→ **Exercise directions**:
When you copy from the entries that follow, take only the lines from the one with "visit of Paris, Seine" down to the one with "Rechargeable Portable Fan with LED Light", keeping both ends and dropping every picture.

(Excerpts from a dataset)
————

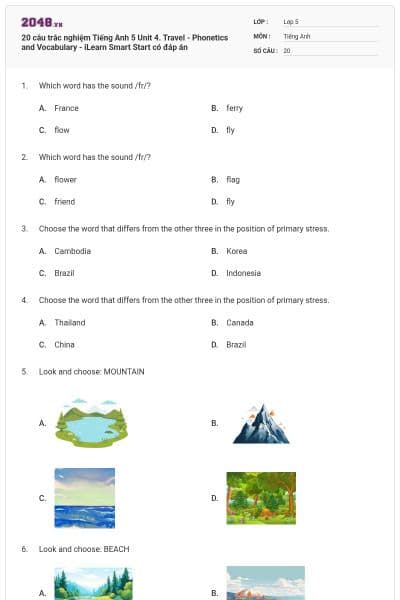 20 câu trắc nghiệm Tiếng Anh 5 Unit 4. Travel - Phonetics and Vocabulary - iLearn Smart Start có đáp án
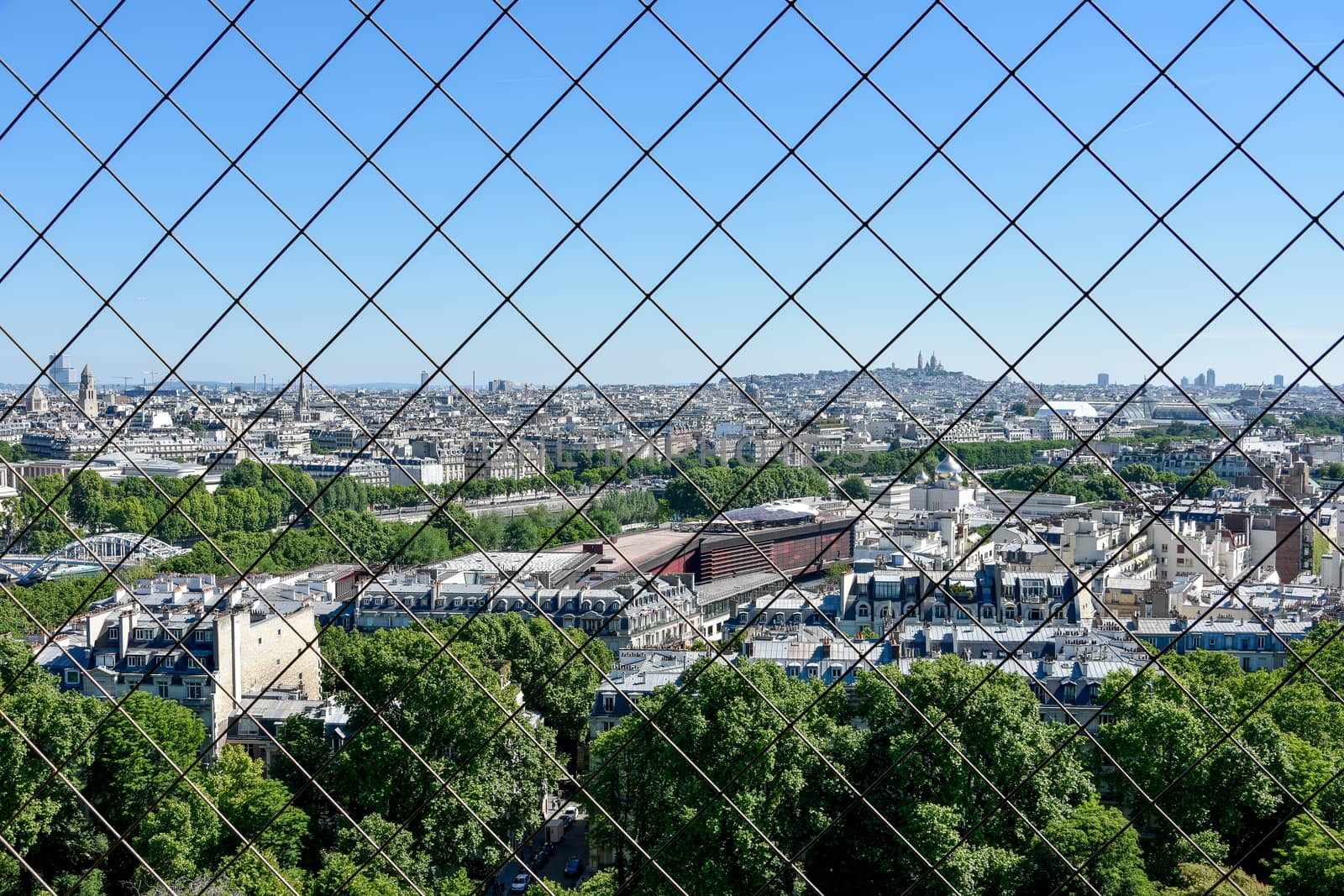 visit of Paris, Seine quay and Eiffel tower, walk in the parks of the capital of France in summer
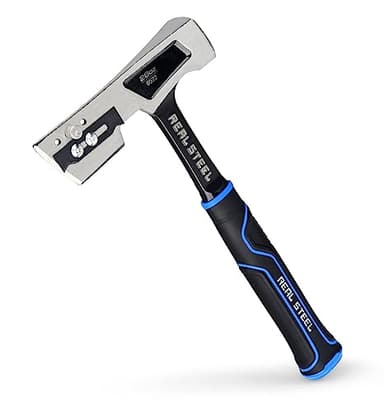 Real Steel 28 Oz Steel Roofing Hammer Shingler’s Hatchet Hammer with Rubber Handle (0522), Silver and Black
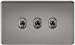 Screwless 10AX 3G 2-Way Toggle Switch - Black Nickel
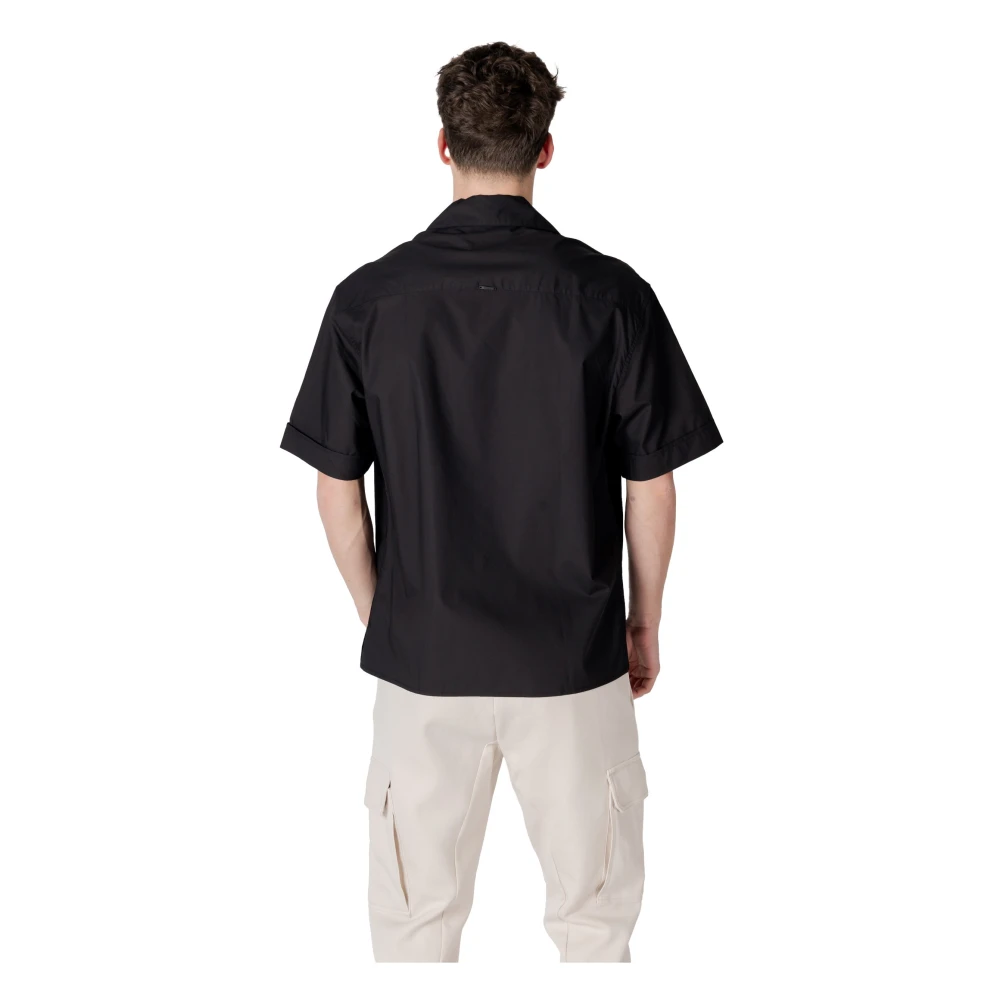 Antony Morato Zwarte V-hals shirt met zakken Black Heren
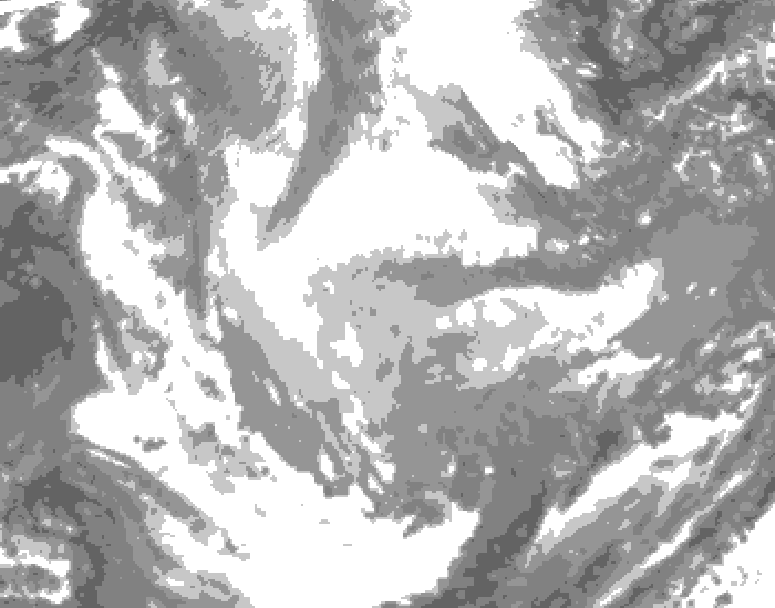 GDPS total cloud 024 hour forecast chart for Canada based on 2026/01/21 0000Z data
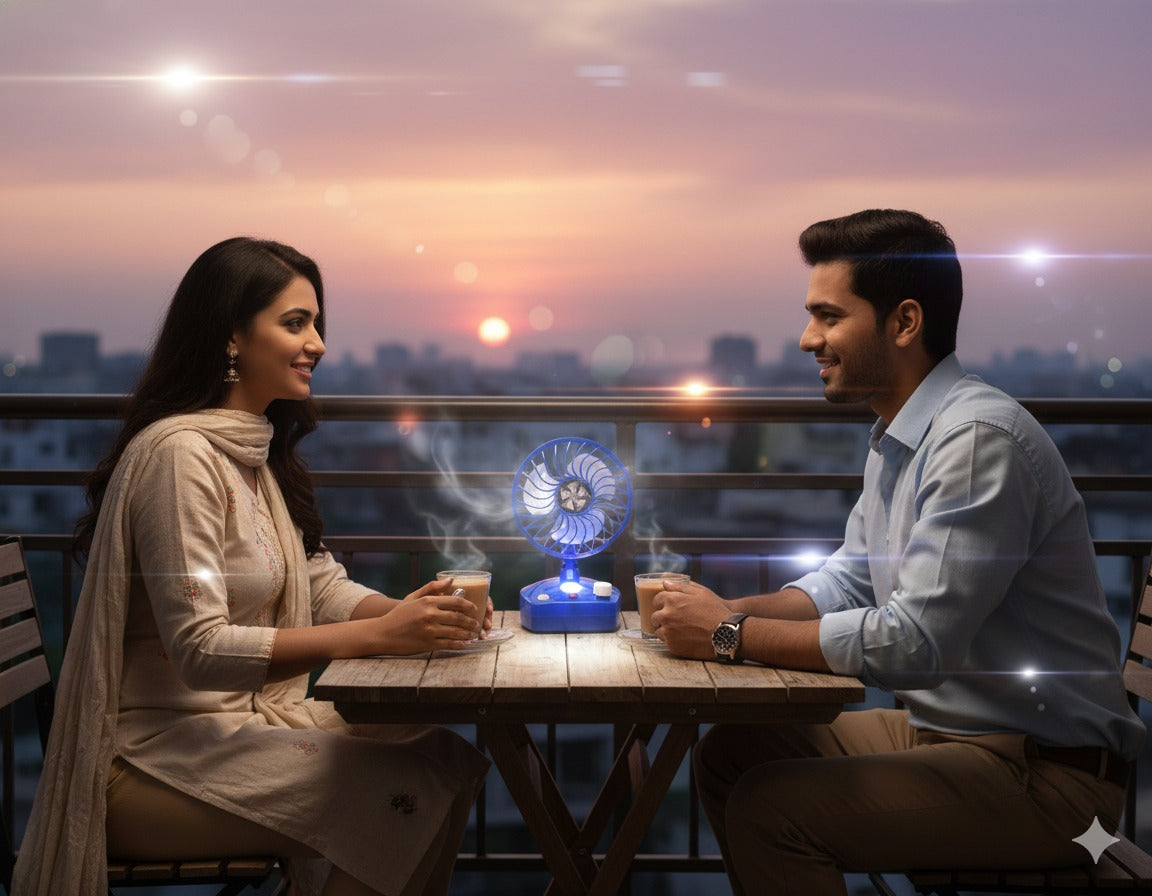 Rechargeable Portable Fan with LED Light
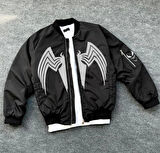 Tam Fermuarlı Uzun Kol Baskılı Bomber Ceket  iyah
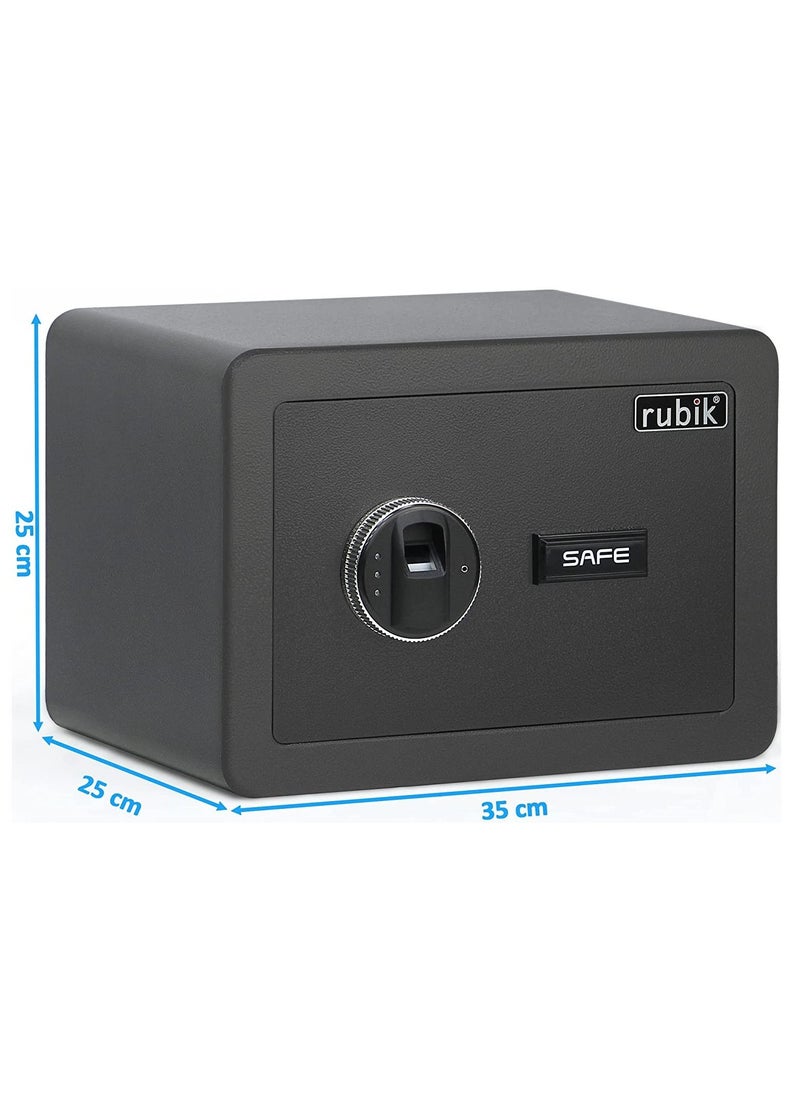 Rubik - Fingerprint Safe Box A4 Document Size Biometric Lock with Key, Fire Resistant Powder Coating, for Home Office Cash Money Documents RB-25YFP (25x35x25cm) Black - Image 1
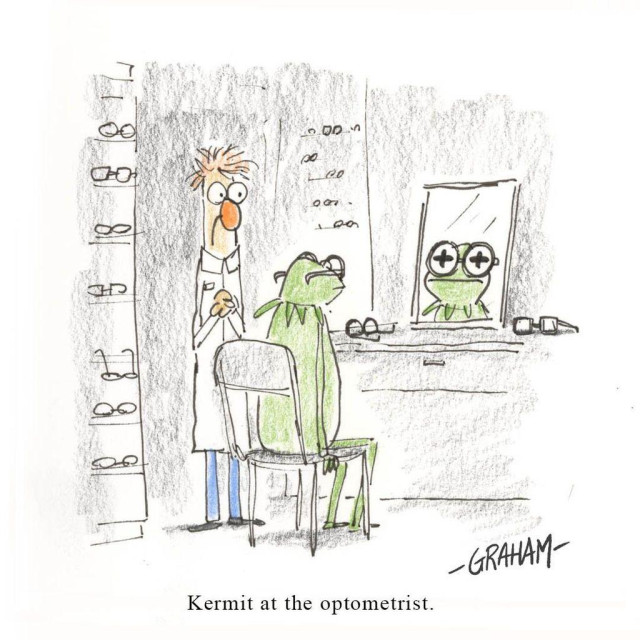 A cartoon illustration of Kermit trying on glasses at the optometrist. Caption reads "Kermit at the optometrist."
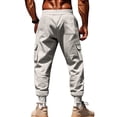 thumbnail image 4 of Fleece Cargo Sweatpants for Men Heavyweight Winter Casual Joggers Drawstring Elastic Waist Sweat Pants with Pockets, 4 of 5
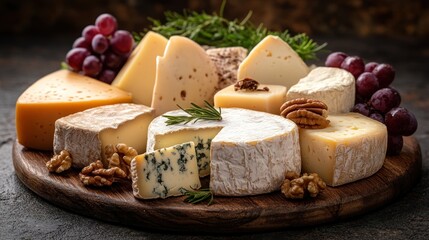 Assorted cheeses and grapes on a wooden board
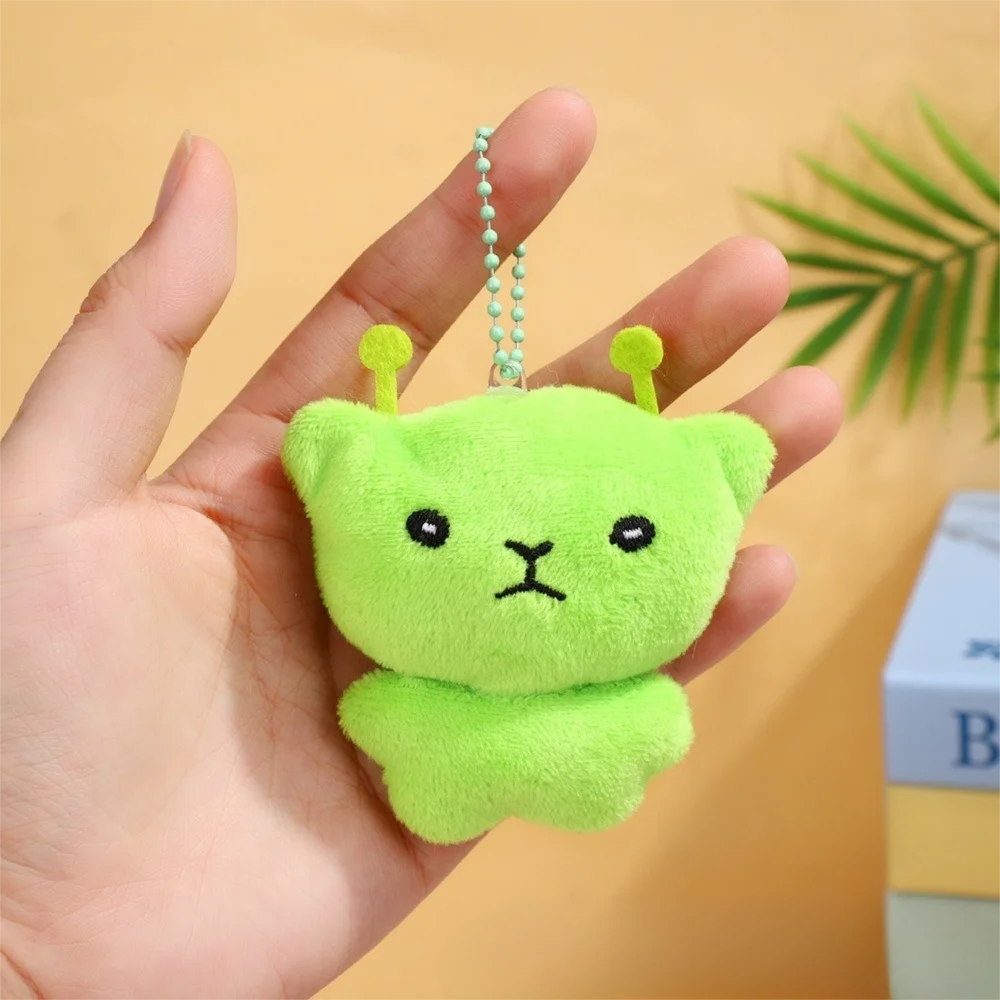 Cute Soft Backpack Pendant Mini Cute Star Mobile Phone Rope Kawaii Style Adorable Alien Cat Keychain Birthday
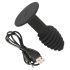 Black Velvet Twist - vibromasseur anal silicone rechargeable (noir)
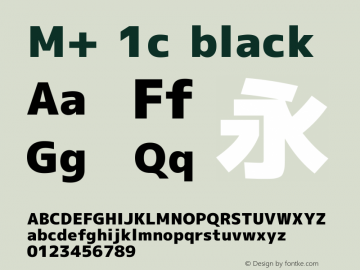 M+ 1c black Version 1.033 Font Sample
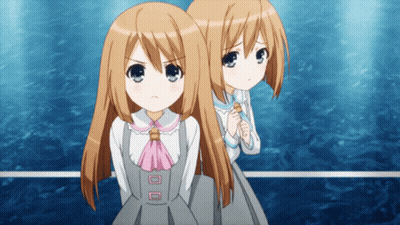 Anime Girls Standing Next To Each Other GIF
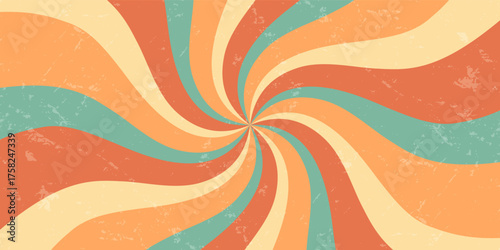 Groovy orange sun burst and spiral graphic in retro background style with grunge and grungy effect. This sunshine swirl combines sun y2k visual for a vintage horizontal wallpaper concept.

————

→ **Response for this exercise**:
 visit of Paris, Seine quay and Eiffel tower, walk in the parks of the capital of France in summer
 Real Steel 28 Oz Steel Roofing Hammer Shingler’s Hatchet Hammer with Rubber Handle (0522), Silver and Black
 Screwless 10AX 3G 2-Way Toggle Switch - Black Nickel
 Antony Morato Zwarte V-hals shirt met zakken Black Heren
 GDPS total cloud 024 hour forecast chart for Canada based on 2026/01/21 0000Z data
 Rechargeable Portable Fan with LED Light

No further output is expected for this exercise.